In DDT v Charles Sturt University [2017] NSWCATAD 329 the Civil and Administrative Tribunal of New South Wales (NCAT) was asked to make a determination concerning an access to information application under the Government Information Public Access Act 2009 (NSW) (GIPA Act).

The applicant sought access to an extract from a report published by Charles Sturt University (CSU) setting out the findings of an academic misconduct claim made against his former wife (identified as E in the proceedings). The evidence showed that it was the applicant who had made the initial allegation against his former spouse as part of a persistent and enduring revenge campaign. His conduct at the time resulted in E taking out an apprehended violence order.

CSU initially denied the applicant’s request for access. The applicant appealed and the Information and Privacy Commissioner recommended an internal review. The internal review was conducted and concluded that there was an overriding public interest against the disclosure of the report.

Under section 5 of the GIPA Act there is a presumption in favour of the disclosure of government information unless there is an overriding public interest against disclosure. Section 14 sets out the public interest considerations against disclosure.  CSU submitted that disclosure of the information could reasonably be expected to:

  • prejudice the supply to an agency of confidential information;
  • prejudice the effective exercise by an agency of its functions;
  • contravene an information protection principle (IPP) under the Privacy and Personal Information Protection Act 1998 (NSW);
  • reveal false or unsubstantiated allegations about a person that are defamatory; and
  • expose a person to a risk of harm, serious harassment or serious intimidation.
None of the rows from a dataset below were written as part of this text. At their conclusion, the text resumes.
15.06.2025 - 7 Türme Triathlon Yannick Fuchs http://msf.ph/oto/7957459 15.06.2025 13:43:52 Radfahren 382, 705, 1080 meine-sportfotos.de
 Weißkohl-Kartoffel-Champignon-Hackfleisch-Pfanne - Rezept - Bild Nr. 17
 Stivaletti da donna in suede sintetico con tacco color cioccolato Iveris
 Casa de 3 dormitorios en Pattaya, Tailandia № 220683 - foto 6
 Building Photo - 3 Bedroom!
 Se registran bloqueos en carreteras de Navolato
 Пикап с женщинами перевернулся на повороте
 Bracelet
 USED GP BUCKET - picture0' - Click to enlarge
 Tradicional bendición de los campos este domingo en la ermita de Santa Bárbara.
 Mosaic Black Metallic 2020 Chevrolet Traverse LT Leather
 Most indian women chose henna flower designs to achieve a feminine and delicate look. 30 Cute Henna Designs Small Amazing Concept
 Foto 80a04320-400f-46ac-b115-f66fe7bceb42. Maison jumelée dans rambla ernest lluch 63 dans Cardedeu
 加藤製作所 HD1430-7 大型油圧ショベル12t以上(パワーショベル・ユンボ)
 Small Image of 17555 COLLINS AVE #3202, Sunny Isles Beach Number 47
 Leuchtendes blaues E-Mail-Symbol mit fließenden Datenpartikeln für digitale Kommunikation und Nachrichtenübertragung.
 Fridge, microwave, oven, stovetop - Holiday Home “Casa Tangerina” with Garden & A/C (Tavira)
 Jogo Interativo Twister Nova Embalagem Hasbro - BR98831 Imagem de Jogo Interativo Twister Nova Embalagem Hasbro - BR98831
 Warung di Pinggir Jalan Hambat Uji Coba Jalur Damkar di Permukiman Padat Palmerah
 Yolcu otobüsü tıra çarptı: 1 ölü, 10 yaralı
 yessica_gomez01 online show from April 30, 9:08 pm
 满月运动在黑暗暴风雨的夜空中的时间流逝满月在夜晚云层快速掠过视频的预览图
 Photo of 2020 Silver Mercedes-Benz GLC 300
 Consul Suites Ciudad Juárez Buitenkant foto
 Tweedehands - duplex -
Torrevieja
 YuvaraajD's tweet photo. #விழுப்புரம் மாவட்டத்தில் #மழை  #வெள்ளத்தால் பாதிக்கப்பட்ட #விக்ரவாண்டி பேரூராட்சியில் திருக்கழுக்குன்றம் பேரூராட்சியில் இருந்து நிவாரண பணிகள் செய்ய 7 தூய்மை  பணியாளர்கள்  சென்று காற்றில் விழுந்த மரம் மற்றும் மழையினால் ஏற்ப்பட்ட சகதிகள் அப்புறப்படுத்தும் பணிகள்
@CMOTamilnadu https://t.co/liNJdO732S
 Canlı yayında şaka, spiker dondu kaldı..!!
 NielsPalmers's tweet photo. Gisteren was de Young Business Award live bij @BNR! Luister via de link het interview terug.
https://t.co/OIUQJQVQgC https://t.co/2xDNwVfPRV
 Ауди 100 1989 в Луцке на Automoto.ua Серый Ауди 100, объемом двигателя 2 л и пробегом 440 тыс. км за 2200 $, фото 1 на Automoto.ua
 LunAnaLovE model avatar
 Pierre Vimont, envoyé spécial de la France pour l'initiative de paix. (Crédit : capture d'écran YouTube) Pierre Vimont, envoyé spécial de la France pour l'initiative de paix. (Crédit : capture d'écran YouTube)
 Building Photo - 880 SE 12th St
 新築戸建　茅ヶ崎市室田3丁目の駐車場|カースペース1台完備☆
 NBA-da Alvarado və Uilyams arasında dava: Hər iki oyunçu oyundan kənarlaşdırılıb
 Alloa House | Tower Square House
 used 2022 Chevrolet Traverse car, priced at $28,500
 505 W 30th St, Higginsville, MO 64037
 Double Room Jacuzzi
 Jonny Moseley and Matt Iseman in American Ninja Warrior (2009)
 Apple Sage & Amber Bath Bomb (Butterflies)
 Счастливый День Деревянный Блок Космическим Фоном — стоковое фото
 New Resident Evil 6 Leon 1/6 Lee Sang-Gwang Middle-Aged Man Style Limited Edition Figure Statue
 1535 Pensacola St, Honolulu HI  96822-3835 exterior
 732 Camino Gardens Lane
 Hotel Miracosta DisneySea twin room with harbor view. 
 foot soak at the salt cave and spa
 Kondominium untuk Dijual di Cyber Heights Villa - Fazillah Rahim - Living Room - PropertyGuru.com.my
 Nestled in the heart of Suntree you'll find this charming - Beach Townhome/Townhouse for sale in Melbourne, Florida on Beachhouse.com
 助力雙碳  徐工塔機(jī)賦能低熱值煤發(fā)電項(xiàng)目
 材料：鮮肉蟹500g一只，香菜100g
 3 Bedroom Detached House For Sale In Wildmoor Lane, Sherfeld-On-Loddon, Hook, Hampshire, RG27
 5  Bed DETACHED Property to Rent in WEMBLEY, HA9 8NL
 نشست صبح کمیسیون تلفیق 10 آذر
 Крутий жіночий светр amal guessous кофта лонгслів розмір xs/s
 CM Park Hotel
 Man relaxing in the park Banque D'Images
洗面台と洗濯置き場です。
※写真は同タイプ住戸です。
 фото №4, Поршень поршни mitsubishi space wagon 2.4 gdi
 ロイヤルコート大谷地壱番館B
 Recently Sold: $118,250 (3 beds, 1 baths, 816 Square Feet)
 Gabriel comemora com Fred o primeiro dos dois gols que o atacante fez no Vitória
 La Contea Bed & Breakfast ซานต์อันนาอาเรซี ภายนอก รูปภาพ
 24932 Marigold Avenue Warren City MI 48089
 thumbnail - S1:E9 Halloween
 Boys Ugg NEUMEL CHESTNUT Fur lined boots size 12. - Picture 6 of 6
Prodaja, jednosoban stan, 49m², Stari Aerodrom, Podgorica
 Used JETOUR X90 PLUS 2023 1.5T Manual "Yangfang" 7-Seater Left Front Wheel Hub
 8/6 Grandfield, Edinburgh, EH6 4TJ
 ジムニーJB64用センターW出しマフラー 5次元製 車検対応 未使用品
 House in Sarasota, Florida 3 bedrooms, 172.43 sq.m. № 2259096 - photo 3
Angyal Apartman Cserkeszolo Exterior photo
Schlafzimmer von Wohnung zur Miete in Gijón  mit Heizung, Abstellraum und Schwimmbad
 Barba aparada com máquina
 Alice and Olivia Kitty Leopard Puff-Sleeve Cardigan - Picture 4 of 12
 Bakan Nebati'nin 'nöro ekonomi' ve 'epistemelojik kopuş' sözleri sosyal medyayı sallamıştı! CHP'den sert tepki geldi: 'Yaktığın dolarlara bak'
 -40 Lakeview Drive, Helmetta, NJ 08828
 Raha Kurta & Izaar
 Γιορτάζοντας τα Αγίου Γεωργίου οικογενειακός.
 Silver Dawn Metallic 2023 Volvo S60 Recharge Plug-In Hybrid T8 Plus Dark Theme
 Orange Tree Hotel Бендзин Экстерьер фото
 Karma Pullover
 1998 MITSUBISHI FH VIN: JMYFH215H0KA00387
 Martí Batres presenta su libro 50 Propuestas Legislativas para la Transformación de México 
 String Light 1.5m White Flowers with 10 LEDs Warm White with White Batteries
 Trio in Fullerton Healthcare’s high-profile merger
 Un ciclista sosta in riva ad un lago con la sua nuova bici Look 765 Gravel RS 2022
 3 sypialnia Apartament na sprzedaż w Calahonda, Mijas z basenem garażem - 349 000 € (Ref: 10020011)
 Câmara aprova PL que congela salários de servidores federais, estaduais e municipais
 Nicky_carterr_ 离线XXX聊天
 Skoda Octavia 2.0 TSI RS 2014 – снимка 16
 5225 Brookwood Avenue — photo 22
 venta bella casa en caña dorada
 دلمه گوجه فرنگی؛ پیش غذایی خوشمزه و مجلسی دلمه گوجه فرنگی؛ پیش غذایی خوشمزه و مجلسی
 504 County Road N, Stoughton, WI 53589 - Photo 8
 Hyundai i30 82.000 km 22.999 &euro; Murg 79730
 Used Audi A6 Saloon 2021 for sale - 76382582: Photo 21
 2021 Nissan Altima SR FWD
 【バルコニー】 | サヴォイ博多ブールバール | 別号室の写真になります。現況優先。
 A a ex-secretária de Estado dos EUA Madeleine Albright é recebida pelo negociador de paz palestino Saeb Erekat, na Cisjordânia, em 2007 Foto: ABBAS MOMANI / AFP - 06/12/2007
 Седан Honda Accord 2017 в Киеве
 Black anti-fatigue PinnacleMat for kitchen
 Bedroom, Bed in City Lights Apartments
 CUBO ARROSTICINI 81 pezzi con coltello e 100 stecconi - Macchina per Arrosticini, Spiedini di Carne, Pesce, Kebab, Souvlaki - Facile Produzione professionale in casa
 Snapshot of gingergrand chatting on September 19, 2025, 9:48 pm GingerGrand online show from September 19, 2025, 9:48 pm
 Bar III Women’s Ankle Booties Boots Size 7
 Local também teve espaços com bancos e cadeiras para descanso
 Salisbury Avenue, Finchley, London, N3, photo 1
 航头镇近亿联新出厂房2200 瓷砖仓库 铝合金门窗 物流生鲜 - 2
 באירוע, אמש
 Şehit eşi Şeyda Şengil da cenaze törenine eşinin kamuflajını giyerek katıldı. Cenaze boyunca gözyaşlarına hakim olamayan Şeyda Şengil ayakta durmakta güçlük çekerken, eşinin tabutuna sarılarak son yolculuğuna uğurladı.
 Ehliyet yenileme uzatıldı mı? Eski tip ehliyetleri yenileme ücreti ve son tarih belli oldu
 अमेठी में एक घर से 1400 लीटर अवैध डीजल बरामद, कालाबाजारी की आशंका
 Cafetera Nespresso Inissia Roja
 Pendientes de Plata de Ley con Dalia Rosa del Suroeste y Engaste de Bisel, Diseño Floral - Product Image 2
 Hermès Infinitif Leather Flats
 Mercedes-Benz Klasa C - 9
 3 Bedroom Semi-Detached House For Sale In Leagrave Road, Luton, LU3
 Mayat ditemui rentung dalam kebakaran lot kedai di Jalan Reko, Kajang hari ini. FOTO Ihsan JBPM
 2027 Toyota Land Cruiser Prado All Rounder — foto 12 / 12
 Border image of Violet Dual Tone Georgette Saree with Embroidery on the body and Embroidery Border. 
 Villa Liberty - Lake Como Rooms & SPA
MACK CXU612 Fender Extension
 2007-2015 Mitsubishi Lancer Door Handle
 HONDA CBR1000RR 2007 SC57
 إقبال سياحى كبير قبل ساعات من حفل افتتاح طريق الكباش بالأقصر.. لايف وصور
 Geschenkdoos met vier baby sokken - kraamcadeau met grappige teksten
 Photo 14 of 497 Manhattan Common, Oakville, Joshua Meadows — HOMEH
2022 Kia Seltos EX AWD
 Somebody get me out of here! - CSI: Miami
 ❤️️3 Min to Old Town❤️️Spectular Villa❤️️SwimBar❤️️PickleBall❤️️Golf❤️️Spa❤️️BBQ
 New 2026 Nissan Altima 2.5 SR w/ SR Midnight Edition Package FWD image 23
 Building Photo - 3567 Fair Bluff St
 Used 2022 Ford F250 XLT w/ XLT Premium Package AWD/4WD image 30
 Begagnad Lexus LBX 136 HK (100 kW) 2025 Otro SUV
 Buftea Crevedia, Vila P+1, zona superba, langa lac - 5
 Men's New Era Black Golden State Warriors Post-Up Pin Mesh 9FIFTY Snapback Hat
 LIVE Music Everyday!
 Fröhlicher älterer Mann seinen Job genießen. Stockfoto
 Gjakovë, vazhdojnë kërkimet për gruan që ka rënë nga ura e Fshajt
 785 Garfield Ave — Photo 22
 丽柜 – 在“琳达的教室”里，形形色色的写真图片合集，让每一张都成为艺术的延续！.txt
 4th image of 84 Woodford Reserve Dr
In support of its position the University also relied on section 55 of the GIPA Act. That section entitles personal factors of the applicant to be taken into account in determining whether there is an overriding public interest against disclosure. On the facts of this care, the relevant personal factors included:

  • the applicant was the ex-husband of the individual who was the subject of the report;
  • the existence of an apprehended violence order against the applicant in relation to the subject report; and
  • charges brought against the applicant relating to his communications with E.

For his part, the applicant contended that:

  • as he was the person who provided information to CSU concerning the allegations of academic misconduct, no prejudice would be occasioned to E or CSU if he was given a copy of the report;
  • he was not seeking the release of personal information and would agree for any personal information in the report to be redacted;
  • he was only seeking access to a specific section in the report which he did not expect to contain personal information;
  • there were no unsubstantiated allegations contained in the part of the report to which the application related; and
  • the fact that he was convicted of 2 offences in relation to E did not indicate that the production of the report or a part of it would expose E to serious harassment or serious intimidation.

In balancing the public interest considerations for and against disclosure of the report NCAT held that:

  • the whole report was the personal information of E;
  • concerning investigation of academic misconduct, persons communicating with the investigators must be assured that their communications will be treated confidentially and so if the disclosure of the report has the potential to prejudice the co-operation of other persons in relation to future enquiries this suggested that disclosure was not in the public interest;
  • the knowledge of a person who was the subject of a complaint of academic misconduct that their response to the complaint may be disclosed to the person making the complaint may inhibit their co-operation with the investigation process. This would also suggest that disclosure was not in the public interest;
  • the applicant’s motivation in seeking the document is revenge against his former spouse and an attempt to use the report, if disclosed to him, as a part of a campaign against E which could reasonably be expected to expose E to a risk of serious harassment or intimidation;
  • the disclosure of the report could reasonably be expected to reveal unsubstantiated allegations about E that are defamatory; and
  • in any event, it would not be reasonably practicable to produce a redacted version of the report.

Unsurprisingly, the Tribunal held that there was an overriding public interest against the disclosure of the report.

The case serves as a timely reminder that the applicant’s motives may be considered in determining whether there is an overriding public interest against disclosure. Regulatory bodies will not allow the GIPA Act to be used as a vehicle of intimidation and harassment.